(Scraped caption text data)
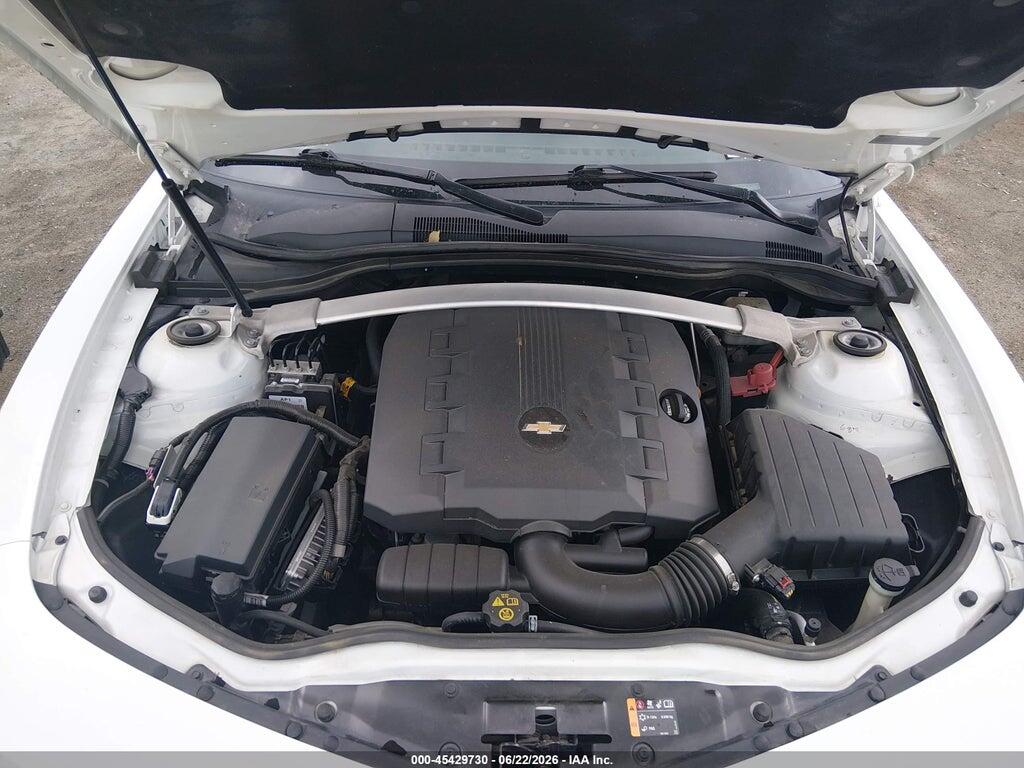 2G1FD3D36F9292250 2015 CHEVROLET CAMARO photo no. 10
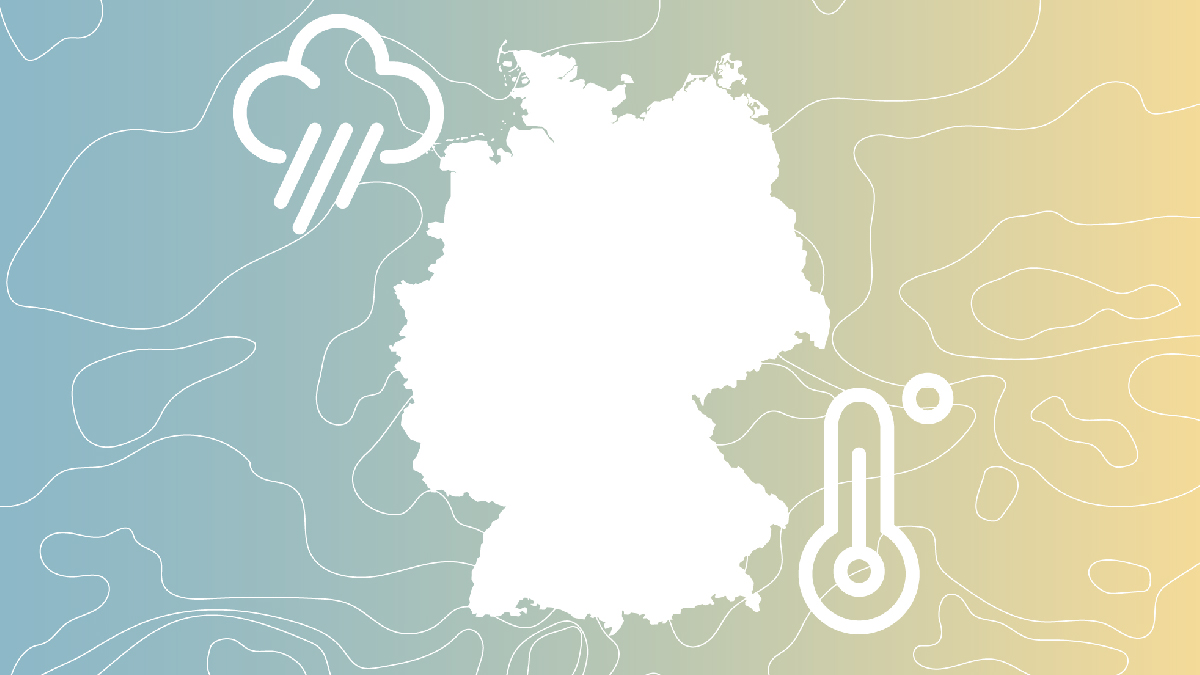 Süddeutsche Zeitung – Ist das Wetter heute normal?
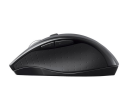 Logitech M705 Trådløs Laser Mus 16000 dpi Høyrehendt 7 Knapper Sølv
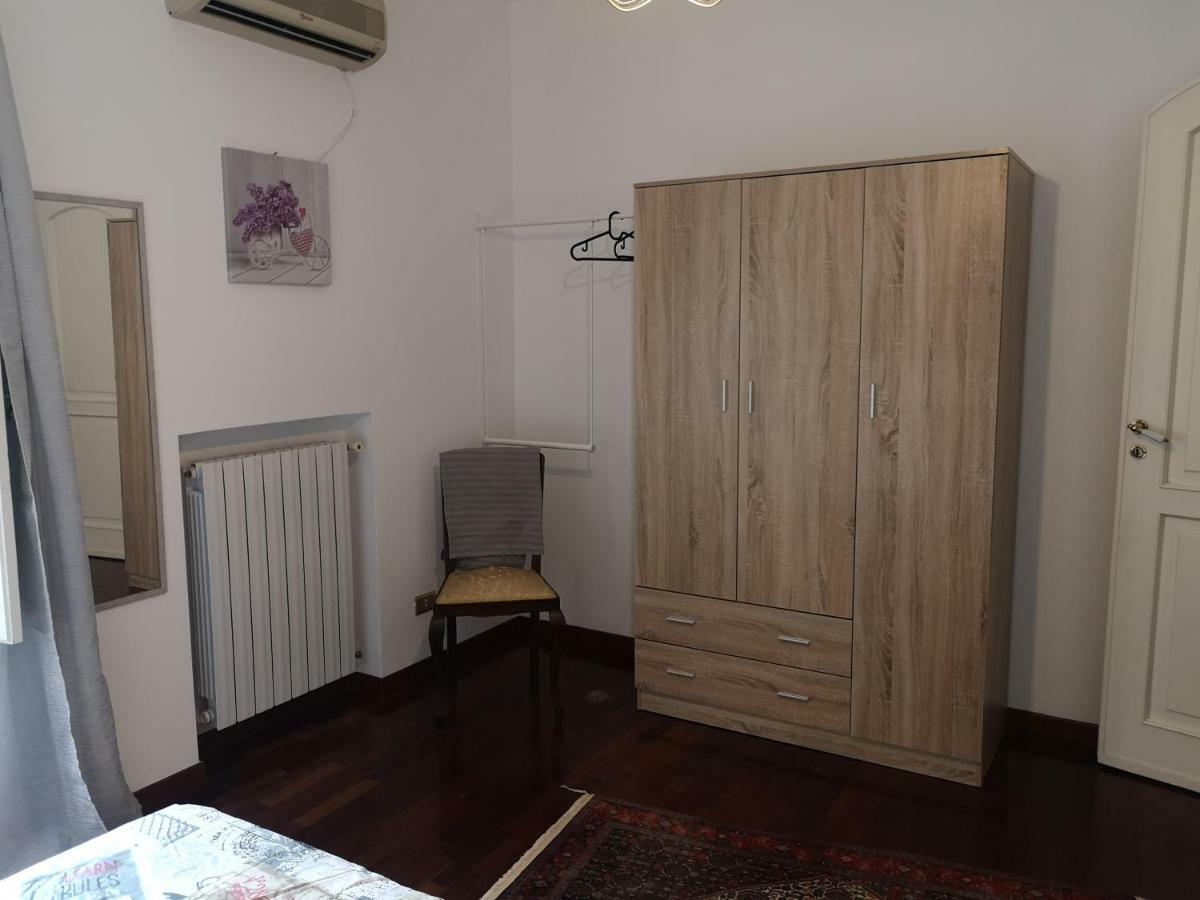 A Casa Di Zara Villa Termini Imerese Luaran gambar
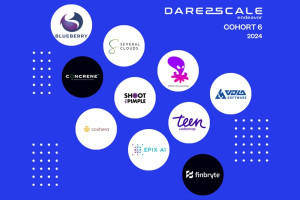 10        Endeavor - Dare2Scale 2024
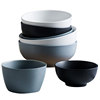 Scandinavian fruit Japanese soup bowl home use for food, wholesale, custom made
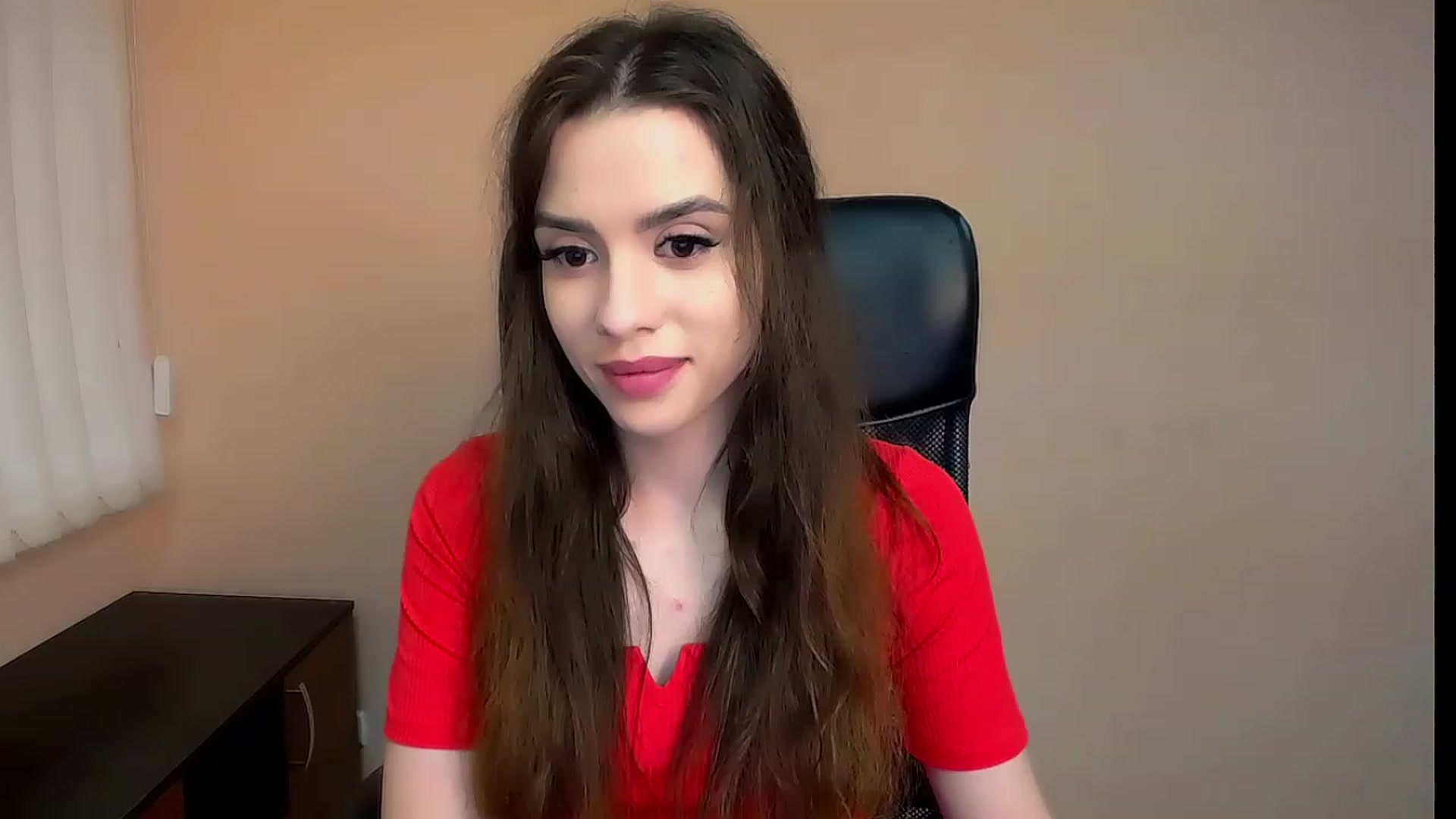 Gallery image thumbnail from Dark_eyed_'s myfreecams stream on, 06/28/2023, 15:41 image 9 of 20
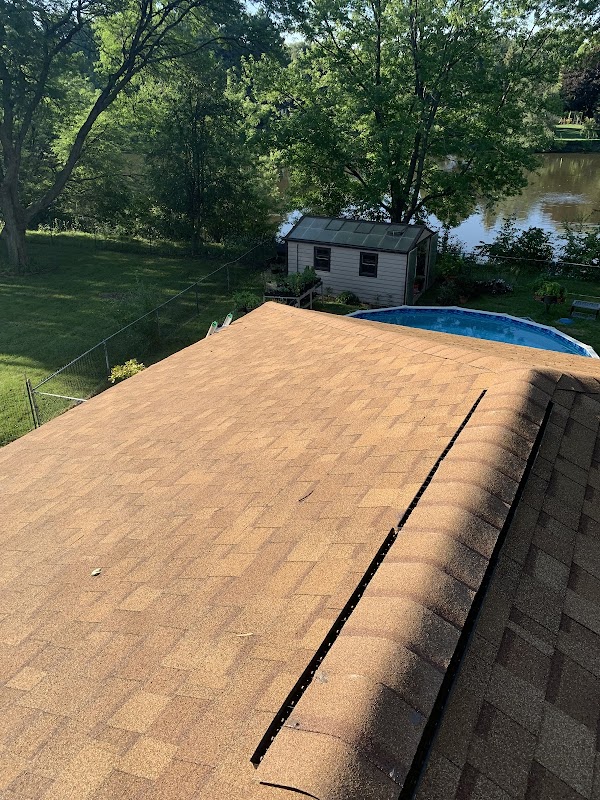 V & V Exteriors and Remodeling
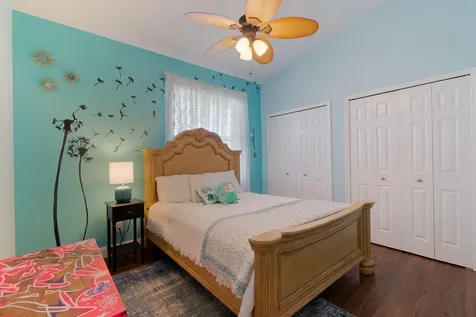 1211 Sw Porter Road Port Saint Lucie FL 34953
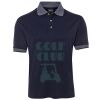 JB's  DROP NEEDLE POLO Thumbnail
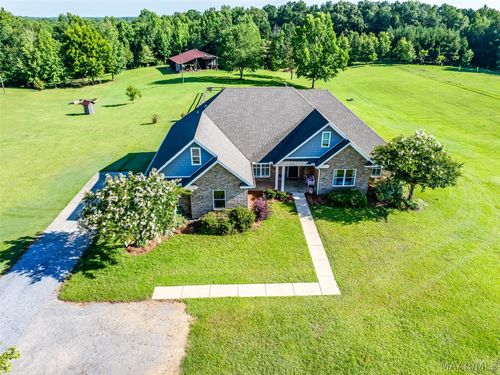 575 Mercer Road, Elmore, AL, 36025 | Card Image
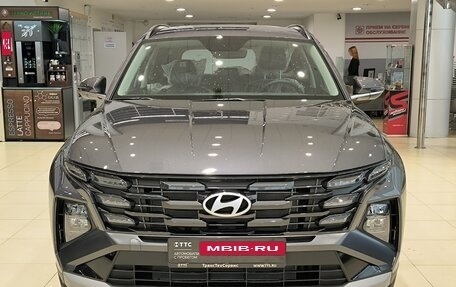 Hyundai Tucson, 2025 год, 3 750 000 рублей, 2 фотография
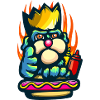 Hot Dog King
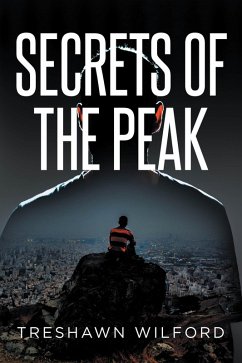 Cover Secrets of the Peak (eBook, ePUB)
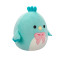М'яка іграшка Squishmallows - Курча Долорес (13 cm)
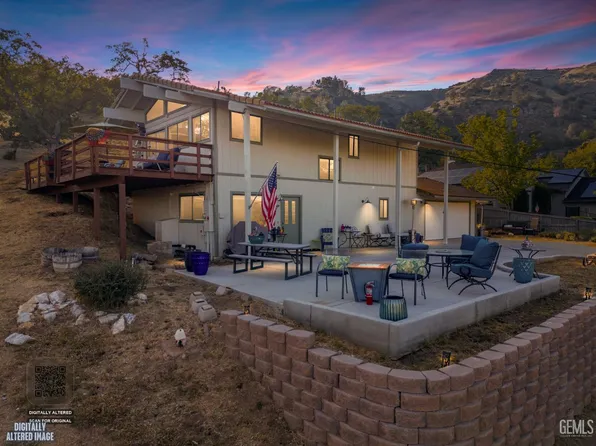21704 Quail Springs Rd, Tehachapi, CA 93561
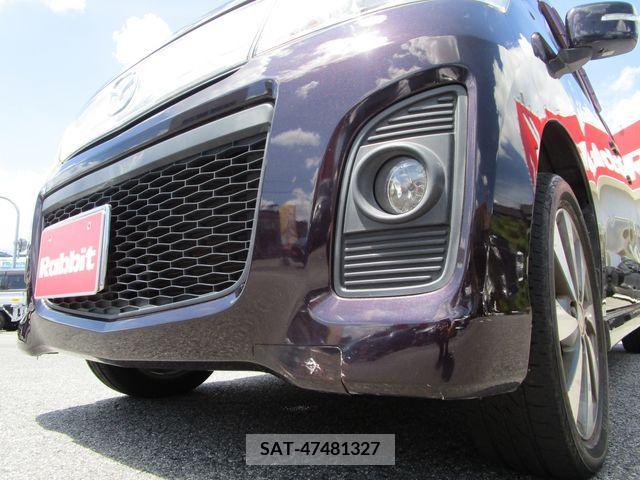Mazda AZ-WAGON 2012-04 346099-25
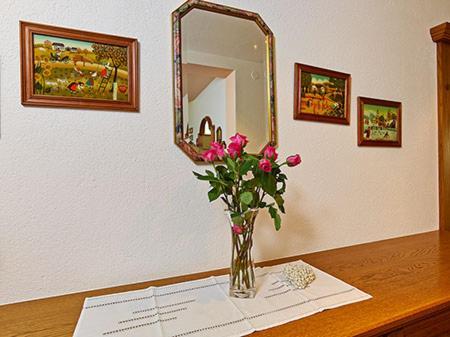Haus Marcell Apartment Solden Bagian luar foto
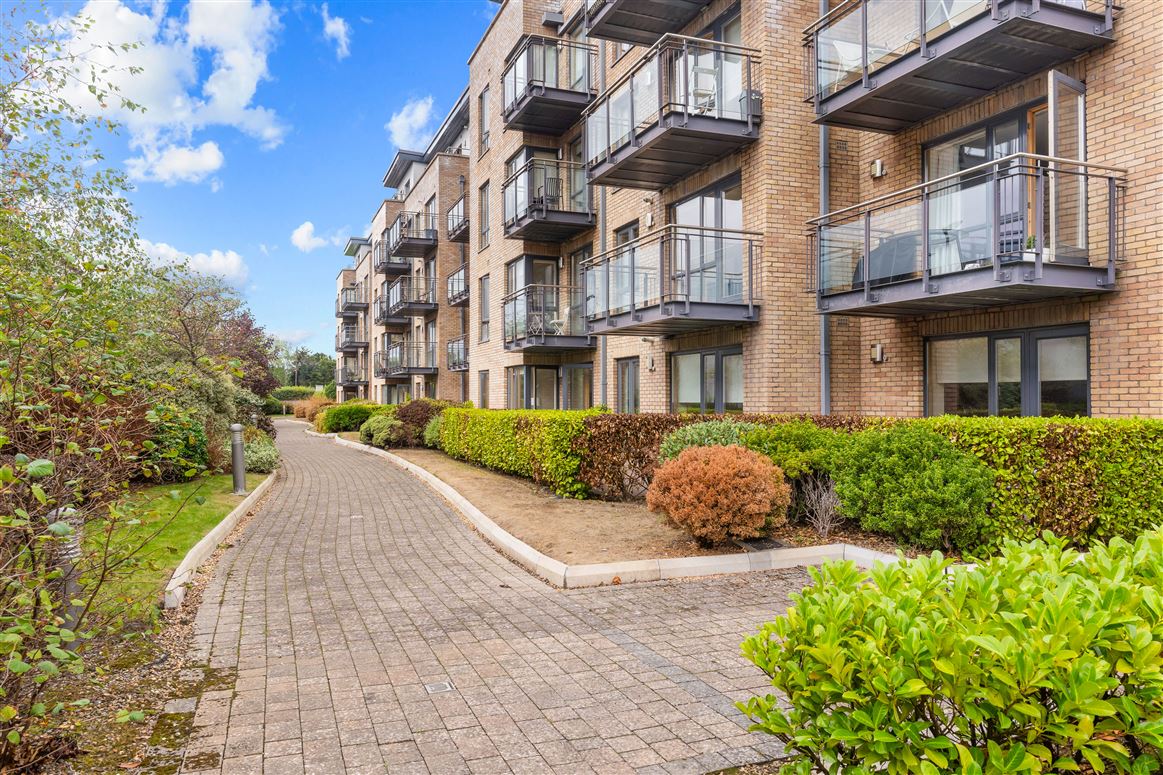 7 Newtown Hall, Hazelbrook Square, Churchtown, Dublin 14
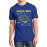 Engineer's Brain Graphic Printed T-shirt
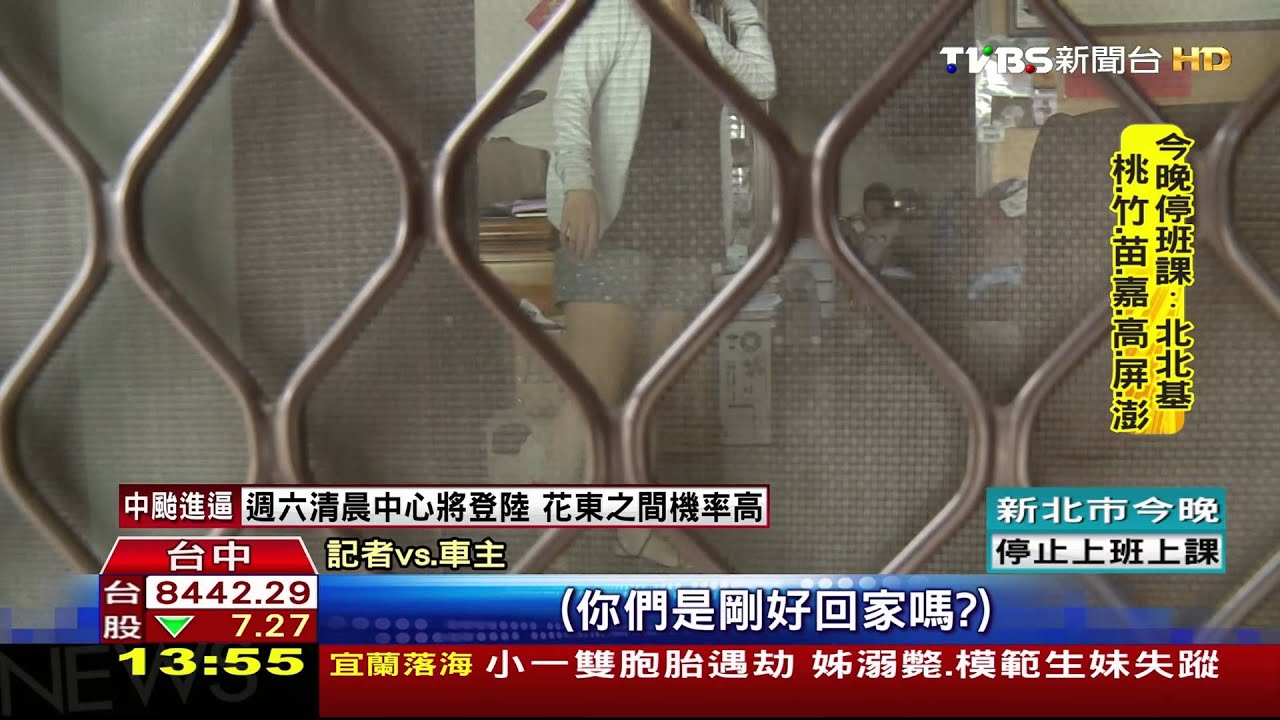 「借」路邊車載冬瓜　被車主抓到還打傷人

**Work task:** Through the line containing "NEEDLE POLO Thumbnail" and no further, restate the data above word for word from its first line, leaving out pictures.

**Result of this task:**
 2G1FD3D36F9292250 2015 CHEVROLET CAMARO photo no. 10
 Süddeutsche Zeitung – Ist das Wetter heute normal?
 Logitech M705 Trådløs Laser Mus 16000 dpi Høyrehendt 7 Knapper Sølv
 A Casa Di Zara Villa Termini Imerese Luaran gambar
 10        Endeavor - Dare2Scale 2024
 Scandinavian fruit Japanese soup bowl home use for food, wholesale, custom made
 Gallery image thumbnail from Dark_eyed_'s myfreecams stream on, 06/28/2023, 15:41 image 9 of 20
 V & V Exteriors and Remodeling
 1211 Sw Porter Road Port Saint Lucie FL 34953
 JB's  DROP NEEDLE POLO Thumbnail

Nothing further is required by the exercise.